Perl / perl5

🐪 The Perl programming language
https://dev.perl.org/perl5/
Other
1.95k stars 554 forks source link

Fix huge inline bloat msvc sv inline h #22667

Open bulk88 opened 1 week ago

bulk88 commented 1 week ago

success!!!, new rule, "struct body_details bodies_by_type[]" only in sv.c

-svfix.pl is quick throwaway garbage done in 20 mins and probably doesnt regen sv_inline.h properly and copy pasting/replace regexps were was used anyway to fix up the code, it can be rewritten correctly tho and put in as a official regen.pl script

how to finish this fix, options

set and unset sv_type as a CPP macro then

-#include a header 17 times that contains ONLY only Perl_newSV_type() and its mortal() sister creating 17*2 static inline fns (basically what I did here), code is stepable, extra ms'es of I/O build times perf degrade debate may or may not come up, I hope the CC has a sane in memory cache for .h files and doesn't go back to the kernel

or put the entire Perl_newSV_type() fnc in a #define

#define PETS blah(foo(myarg)) +  \
  cat(dog(fur)) + \
  laser(ball(toy))

then execute that macro 17 times

or write 17 Perl_newSV_type() copies into sv_inline.h with /regen.pl infrastructure (fastest for build speed core and build speed CPAN and code is c dbg stepable) OR is a dedicated "sv_newg.h" for regen.pl needed? does the master Perl_newSV_type() template live in a .pl or a .h? i dont have an opinion

or against concept of sv_inline.h just have 5-10 hand written versions sv type specific of Perl_newSV_type(), its a cheap gimick fix to keep all 17 types together mashed with if/else/switch in 1 func and expecting bug free perfection from LTO engines of various C compilers, and expecting perfection from an single vendor LTO engine is very against the spirit of portable code

-todo ideas, turn those super long #define ==?:==?:==?: into char array/struct initializers, stored in macros, one faux-string per each column of struct body_details, use that macro as c auto stk rw array initializer, then do the

U32 len = "\x01\x02\x03"[sv_type];

or

U8 sizes [3] = {1,2,3};
U32 len = sizes[sv_type];

which in perl core would look

U32 arena_size = SVBD_AR_SZ_DECL_INIT;
U32 len = arena_size[sv_type];

maybe VC will optimize those since no global memory is used. Only Perl_newSV_typeX() needs this.

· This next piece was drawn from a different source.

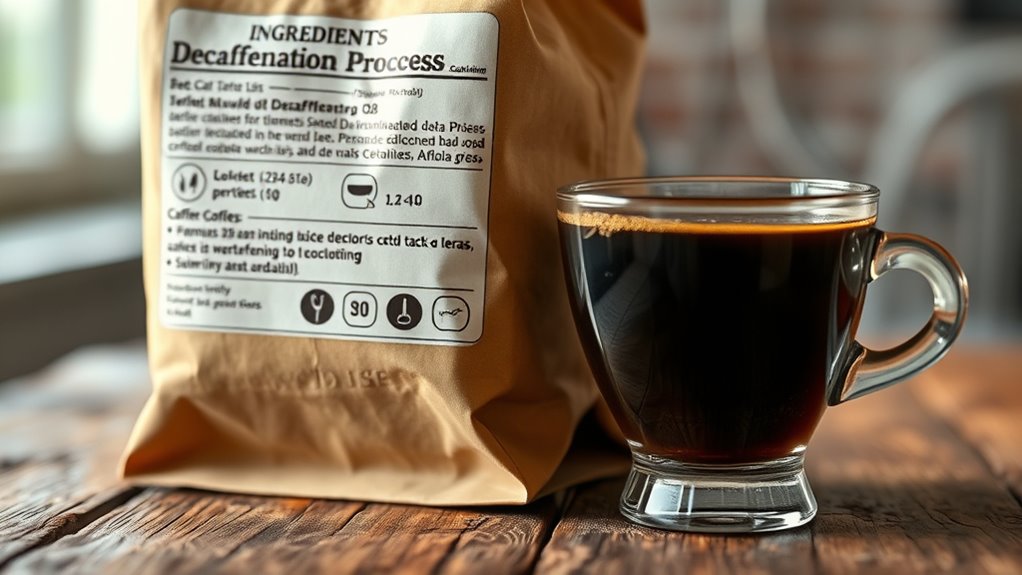 decaf labeling and methods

in this commit static inline Perl_newSVtypeX(pTHX const svtype type) which is the ONLY Perl_newSV_type*() variant that take an arbitrary svtype arg, this is the fallback for gv_pvn_add_by() since I couldn't "const" that call to newSV_type() cuz gv_pvn_add_by() is only place in the whole core that takes a random SV type number.

Internals of Perl_newSV_typeX() are trashy, here is an example, MSVC DID not turn this into a jump table but instead 17 test/cond_jump ops.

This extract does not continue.